Hyperbolic-Parabolic elixir using SCT

[sbairos]

No description provided.

[github-actions]

Review checklist

This checklist is meant to assist creators of PRs (to let them know what reviewers will typically look for) and reviewers (to guide them in a structured review process). Items do not need to be checked explicitly for a PR to be eligible for merging.

Purpose and scope

• The PR has a single goal that is clear from the PR title and/or description.
• All code changes represent a single set of modifications that logically belong together.
• No more than 500 lines of code are changed or there is no obvious way to split the PR into multiple PRs.

Code quality

• The code can be understood easily.
• Newly introduced names for variables etc. are self-descriptive and consistent with existing naming conventions.
• There are no redundancies that can be removed by simple modularization/refactoring.
• There are no leftover debug statements or commented code sections.
• The code adheres to our conventions and style guide, and to the Julia guidelines.

Documentation

• New functions and types are documented with a docstring or top-level comment.
• Relevant publications are referenced in docstrings (see example for formatting).
• Inline comments are used to document longer or unusual code sections.
• Comments describe intent ("why?") and not just functionality ("what?").
• If the PR introduces a significant change or new feature, it is documented in NEWS.md with its PR number.

Testing

• The PR passes all tests.
• New or modified lines of code are covered by tests.
• New or modified tests run in less then 10 seconds.

Performance

• There are no type instabilities or memory allocations in performance-critical parts.
• If the PR intent is to improve performance, before/after time measurements are posted in the PR.

Verification

• The correctness of the code was verified using appropriate tests.
• If new equations/methods are added, a convergence test has been run and the results
  are posted in the PR.

Created with ❤️ by the Trixi.jl community.

[sbairos]

This is my comparison of advection_velocity=0 with the normal advection velocity. I'm not sure how convincing it is, though, since we don't actually ever do sparsity detection on the rhs!() function. Should I also include the rhs!() in this comparison (I guess in the previous section we would add it and in this section we could leave it out)?

[DanielDoehring]

Yes, please use the entire rhs! 👍

[sbairos]

dt here has to be very small because for larger dt such as for 0.005, the simulation stops due to instability.
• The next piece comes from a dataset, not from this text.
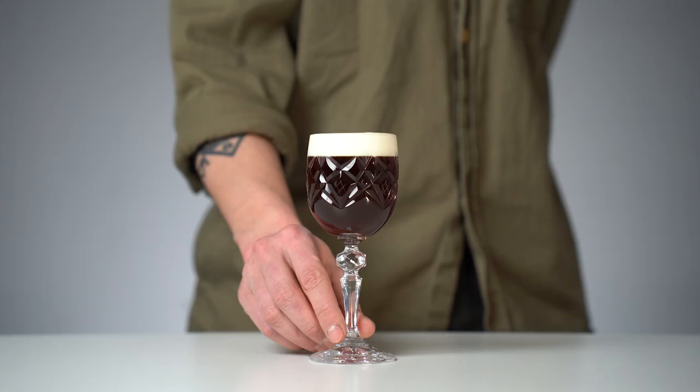Today we'll share with you a recipe for delicious Irish coffee you can easily make at home with the equipment you already have in your kitchen. And by the end of the video we'll announce a giveaway of this beautiful coffee cocktail book, so stay tuned.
This means that this elixir is quite slow (it runs for ~180s even though the timespan it covers is only 0.05). I did try the other IMEX methods here and they were all approximately equally slow

[DanielDoehring]

Hm okay, what about looser tolerances?

[sbairos]

Unfortunately, it looks like the tolerances don't seem to help for larger timespans. I originally started with tspan=(0.0, 0.5) but using dt=0.005 or larger, it fails at around the 30th timestep even for time_int_tol=1e-1.
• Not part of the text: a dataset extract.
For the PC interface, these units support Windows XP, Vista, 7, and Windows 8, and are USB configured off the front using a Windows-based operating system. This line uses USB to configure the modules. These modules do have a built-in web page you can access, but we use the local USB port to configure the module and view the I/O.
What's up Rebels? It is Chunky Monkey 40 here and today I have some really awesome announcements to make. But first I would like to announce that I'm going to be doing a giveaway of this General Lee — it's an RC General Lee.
Using the larger timespan, it only starts working when dt=0.0005 but then it ends up taking ~2500s so I had to also decrease tspan by an order of magnitude in order to make it run in a "reasonable" runtime of ~170s.

[DanielDoehring]

Hm, could you try a different integrator? Maybe something different performs better

[sbairos]

I tried CNAB2, CNLF2, SBDF2, and IMEXEuler. They all crash at the same spot unfortunately.

[sbairos]

I spent some more time looking into this this morning and it really does seem like the smaller step size is just needed for these implicit Euler schemes.

The error that always comes up is:

┌ Warning: Newton steps could not converge and algorithm is not adaptive. Use a lower dt.
└ @ SciMLBase ~/.julia/packages/SciMLBase/wfZCo/src/integrator_interface.jl:637

The following changes made the simulation crash with this error in an earlier timestep:

• Increasing the solver's polydeg from 3 to 4
• Increasing the mesh's polydeg from 3 to 4
• Increasing the trees_per_dimension from (4, 4) to (8, 8)
• Increasing initial_refinement_level from 2 to 3

Which was surprising to me because I would have thought that having a finer mesh would have led to fewer discontinuities.
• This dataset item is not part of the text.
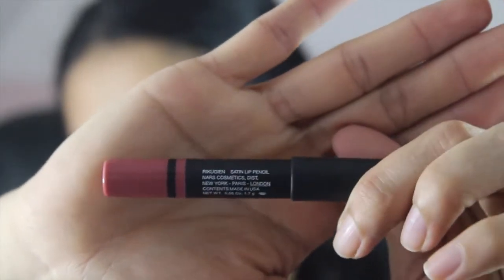Next, I'm using the NARS Rikugian Satin Lip Pencil — I probably just butchered that, but yeah. I'm putting it all over my lips. I got this from Sephora as their Beauty Insider birthday gift for May. And that's it!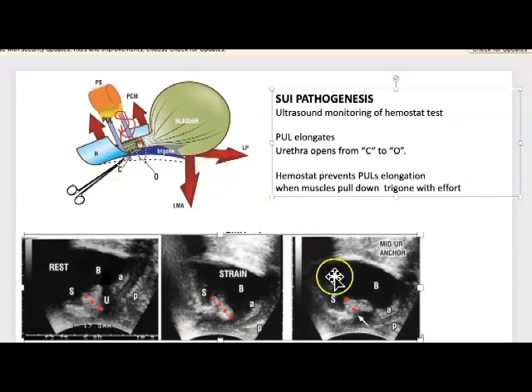Earlier in the video we put the hemostat immediately behind the symphysis. You can see the arrow — that is the hemostat — and it holds the pubourethral ligament in place. It does not allow it to elongate. Look what happens: the urethra closes, the bladder neck closes, and it closes distally.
Also, I've found that at least for the higher polydeg change, if I keep this very small dt, it can run successfully (it just takes even longer). I've yet to see the program crash when dt=0.0005. I'll keep trying the other settings, it's just a slow process since it takes a really long time to run with any of these changed and dt so small

[DanielDoehring]

Okay, that explains the poor behaviour, thanks for investigating this!